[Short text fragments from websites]
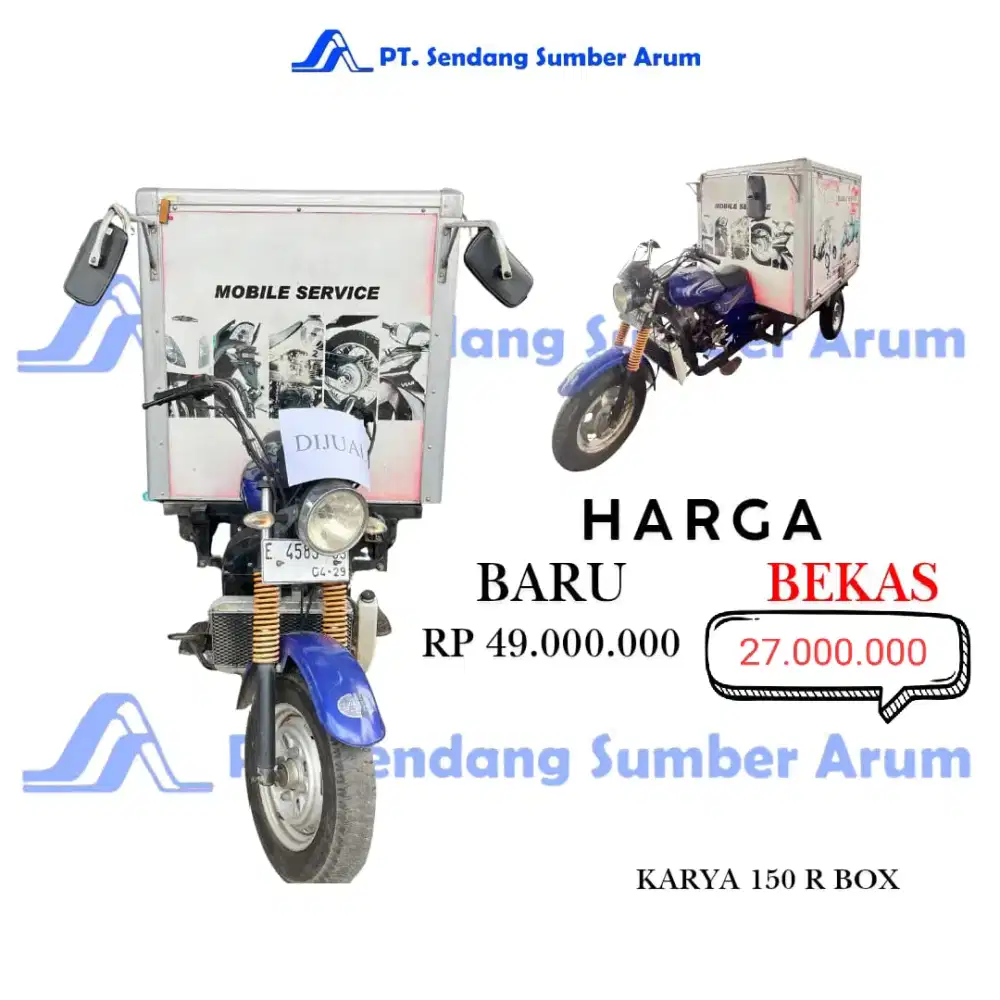 KARYA 150 R BoX th 2024
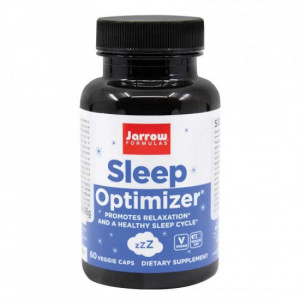 Sleep Optimizer SECOM Jarrow Formulas 60 capsule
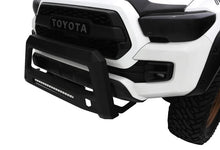 Load image into Gallery viewer, Lund 16-17 Toyota Tacoma Revolution Bull Bar - Black - Additional View 6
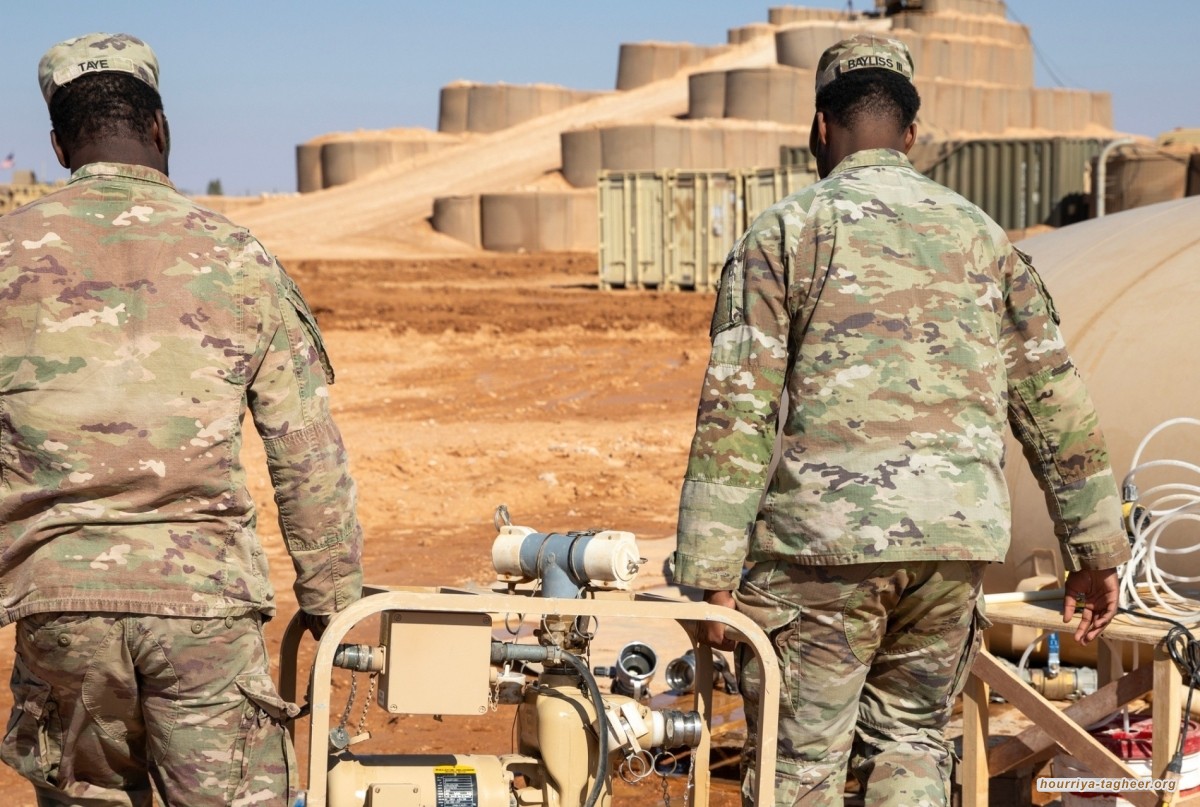 جينكيز.. قاعدة أميركية جديدة في المدينة المنورة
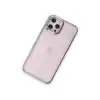 Apple İphone 12 Pro Max Kılıf Element Silikon - Yeşil
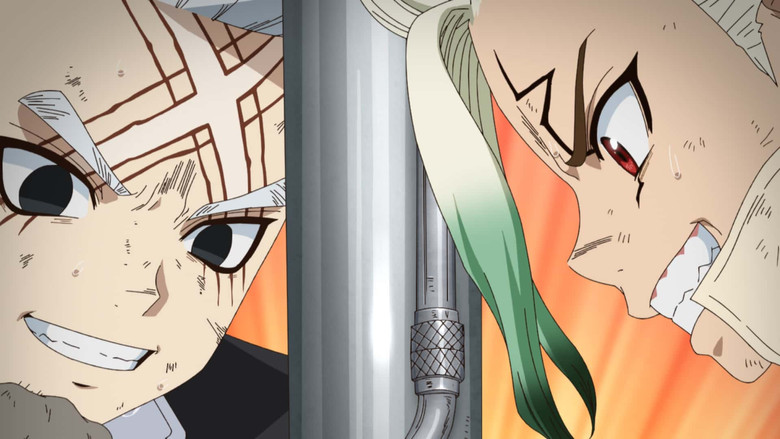 Dr. Stone Season 4 Hindi Download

- _Try it_
Only the entries themselves should be output, word for word, with all pictures omitted.

- _Written solution_
 KARYA 150 R BoX th 2024
 Sleep Optimizer SECOM Jarrow Formulas 60 capsule
 Load image into Gallery viewer, Lund 16-17 Toyota Tacoma Revolution Bull Bar - Black - Additional View 6
 جينكيز.. قاعدة أميركية جديدة في المدينة المنورة
 Apple İphone 12 Pro Max Kılıf Element Silikon - Yeşil
 Dr. Stone Season 4 Hindi Download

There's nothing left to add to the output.